Monika Abdel Meseh und Rahel Köppel
Ungewohnt selbstkritische Töne waren letzte Woche von der Post zu hören. Bei der Medienkonferenz in der Zustellstelle in Oerlikon waren der Leiter des Geschäftsbereichs Logistik-Services und Mitglied der Konzernleitung, Johannes Cramer, sowie Mediensprecherin Silvana Grellmann anwesend. «Ich bin sehr erstaunt, was unsere Pöstlerinnen und Pöstler alles leisten, wie sie von Ort zu Ort fahren und Briefe und Pakete zustellen. Um diese wichtige Arbeit zu verbessern, mussten wir nachhaltiger werden», eröffnete Cramer seine Rede. Die Menschen in der Schweiz würden nämlich erwarten, dass sich ein so grosses Unternehmen wie die Post das Thema Nachhaltigkeit zu Herzen nimmt. «Das sehen wir konkret bei den Wünschen der Schweizer Bevölkerung. Die Pakete und Bestellungen sollen nachhaltig verpackt und auch nachhaltig geliefert werden. Besonders für die jüngere Generation ist das ein grosses Anliegen», erklärte der Logistikleiter weiter.

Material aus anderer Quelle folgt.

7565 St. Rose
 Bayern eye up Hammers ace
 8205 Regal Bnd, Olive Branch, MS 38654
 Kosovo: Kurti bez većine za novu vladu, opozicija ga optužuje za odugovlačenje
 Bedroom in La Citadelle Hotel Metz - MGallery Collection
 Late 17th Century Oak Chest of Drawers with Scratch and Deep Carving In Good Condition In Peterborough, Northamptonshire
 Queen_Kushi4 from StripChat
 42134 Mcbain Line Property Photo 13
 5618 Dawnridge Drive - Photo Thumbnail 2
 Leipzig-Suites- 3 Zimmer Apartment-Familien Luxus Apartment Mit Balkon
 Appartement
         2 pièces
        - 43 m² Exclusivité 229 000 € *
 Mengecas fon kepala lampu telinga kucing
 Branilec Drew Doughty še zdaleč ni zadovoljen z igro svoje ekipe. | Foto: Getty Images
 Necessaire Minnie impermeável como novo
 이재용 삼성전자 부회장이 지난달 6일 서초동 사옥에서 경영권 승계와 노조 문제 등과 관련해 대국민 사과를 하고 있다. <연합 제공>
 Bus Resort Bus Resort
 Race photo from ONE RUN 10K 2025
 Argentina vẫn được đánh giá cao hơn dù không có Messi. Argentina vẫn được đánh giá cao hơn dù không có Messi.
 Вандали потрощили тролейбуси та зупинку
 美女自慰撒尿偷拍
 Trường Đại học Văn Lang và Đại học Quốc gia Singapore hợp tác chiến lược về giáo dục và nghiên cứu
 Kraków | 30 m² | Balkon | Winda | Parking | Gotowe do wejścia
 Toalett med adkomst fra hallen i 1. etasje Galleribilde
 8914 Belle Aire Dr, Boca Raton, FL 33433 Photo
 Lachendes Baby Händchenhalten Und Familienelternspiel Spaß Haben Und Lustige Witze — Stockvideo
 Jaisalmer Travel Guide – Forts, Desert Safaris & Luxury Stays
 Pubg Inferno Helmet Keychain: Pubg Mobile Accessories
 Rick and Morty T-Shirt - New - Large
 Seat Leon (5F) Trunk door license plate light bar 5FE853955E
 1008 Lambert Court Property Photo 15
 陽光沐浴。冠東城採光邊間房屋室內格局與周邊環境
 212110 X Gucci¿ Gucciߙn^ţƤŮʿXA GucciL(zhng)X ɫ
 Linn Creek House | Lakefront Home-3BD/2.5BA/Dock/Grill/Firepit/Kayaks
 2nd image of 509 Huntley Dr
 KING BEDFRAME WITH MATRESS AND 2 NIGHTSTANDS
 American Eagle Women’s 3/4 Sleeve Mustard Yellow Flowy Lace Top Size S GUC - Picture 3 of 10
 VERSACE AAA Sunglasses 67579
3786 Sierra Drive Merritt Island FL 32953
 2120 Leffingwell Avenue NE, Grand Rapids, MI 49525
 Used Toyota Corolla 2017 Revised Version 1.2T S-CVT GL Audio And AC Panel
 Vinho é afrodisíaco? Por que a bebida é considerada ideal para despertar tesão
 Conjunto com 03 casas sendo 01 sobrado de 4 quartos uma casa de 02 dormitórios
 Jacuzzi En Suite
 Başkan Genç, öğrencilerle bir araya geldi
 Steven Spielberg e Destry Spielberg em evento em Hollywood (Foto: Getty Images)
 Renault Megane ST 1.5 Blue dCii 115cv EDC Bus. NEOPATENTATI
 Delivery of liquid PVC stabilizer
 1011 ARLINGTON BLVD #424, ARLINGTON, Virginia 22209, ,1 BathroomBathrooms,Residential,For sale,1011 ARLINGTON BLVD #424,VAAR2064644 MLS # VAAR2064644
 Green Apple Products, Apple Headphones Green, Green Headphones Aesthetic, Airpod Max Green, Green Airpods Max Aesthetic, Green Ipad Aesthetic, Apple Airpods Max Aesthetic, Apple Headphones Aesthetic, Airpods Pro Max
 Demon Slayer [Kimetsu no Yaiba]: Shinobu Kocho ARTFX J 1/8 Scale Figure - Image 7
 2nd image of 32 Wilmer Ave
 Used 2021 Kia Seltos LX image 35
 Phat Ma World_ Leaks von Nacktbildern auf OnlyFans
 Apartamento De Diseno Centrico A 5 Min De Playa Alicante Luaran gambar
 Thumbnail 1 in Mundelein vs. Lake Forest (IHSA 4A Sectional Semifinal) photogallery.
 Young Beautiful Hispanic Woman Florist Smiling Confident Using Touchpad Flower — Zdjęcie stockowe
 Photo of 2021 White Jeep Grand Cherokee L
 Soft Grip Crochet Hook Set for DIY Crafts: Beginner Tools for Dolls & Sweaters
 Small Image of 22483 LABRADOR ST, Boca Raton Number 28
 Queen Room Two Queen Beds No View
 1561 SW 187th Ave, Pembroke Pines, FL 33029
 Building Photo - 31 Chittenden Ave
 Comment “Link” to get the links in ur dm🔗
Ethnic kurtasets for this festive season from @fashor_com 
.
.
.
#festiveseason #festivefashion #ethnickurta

Auch die Bedürfnisse ihrer Kundinnen und Kunden dürften sie nicht ignorieren. Kleinere und grössere Unternehmen erwarten eine umweltschonende Logistik. Laut der Medienmitteilung weist die Post als transportintensives Unternehmen mit einer weitreichenden Infrastruktur den grössten CO2-Verbrauch in den Bereichen Fahrzeuge und Gebäude auf. Darum hatte man entschieden zu handeln und nun einen weiteren Schritt hin zu einer klimaneutralen Logistik zu vollziehen: Ab sofort stellt die Post Briefe und Pakete in Zürich wie auch in Bern ausschliesslich mit elektrisch betriebenen Fahrzeugen zu. «Das ist nicht der letzte Schritt, sondern der erste in die richtige Richtung», so der oberste Postlogistiker Cramer.
Grösste elektrische Zustellflotte
Das heisst, die Post setzt in den Städten Zürich und Bern bei ihren eigenen Zustellfahrzeugen gänzlich auf Strom. Insgesamt hat man in den beiden Städten neu 568 Fahrzeuge, die rein elektrisch unterwegs sind. Der Strom für die Fahrzeuge stammt zu 100 Prozent aus erneuerbaren Stromquellen aus der Schweiz. Damit sorgt die Post nicht zuletzt für einen nachhaltigeren Verkehr in den Städten. Heute umfasst die Flotte gesamt rund 7230 Elektrofahrzeuge. «Wir arbeiten seit 2017 mit rund 6000 Elektrorollern für die Zustellung von Briefen oder kleinen Paketen. Mit dieser Anzahl an Zustellfahrzeugen sollen jährlich etwa 40 Millionen Pakete elektrisch zugestellt werden.»
Teurer als Dieselfahrzeuge
«Die elektrische Zustellung bedeutet für die Post auch grosse Herausforderungen, die es zu lösen gab und noch immer gibt», sagt der 42-Jährige. Eine Herausforderung stellen etwa die begrenzten Reichweiten dar. «Mit Elektroautos ist es nicht so einfach. Man kann nicht einfach zur nächsten Tankstelle fahren, wenn der Tank bald leer ist. Die Batterie muss über unsere Ladestationen, deren Installation eine eigene Herausforderung ist, geladen werden. Eine Vollladung dauert da circa acht Stunden. Selbst das Schnellladen benötigt drei oder vier Stunden», so Cramer weiter. Das heisst, man müsse die Zustelltour genau anpassen. Auch die Kosten für die Anschaffung der Fahrzeuge steigen. «Vergleicht man die Preise mit einem Diesel- oder Benzinauto, ist es natürlich ein grosser Unterschied, aber man muss es als Investition in die Zukunft ansehen, auch in Hinblick auf die Lebensdauer solcher Autos. Die Gesamtkosten sind schlussendlich nicht so hoch», erklärt Cramer, der bis 2021 bei Digitec Galaxus AG tätig war.
Dass die Post mit ihrem Engagement für die Elektromobilität ein Zeichen setzt, ist für den Leiter des neu geschaffenen Konzernbereichs Logistik-Services selbstverständlich. Damit würden sie eine Vorbildfunktion einnehmen, ist Cramer überzeugt. Als nächstes Ziel will das Unternehmen bis 2030 komplett klimaneutral werden und in der gesamten Schweiz Päckli und Briefe vollelektrisch zustellen.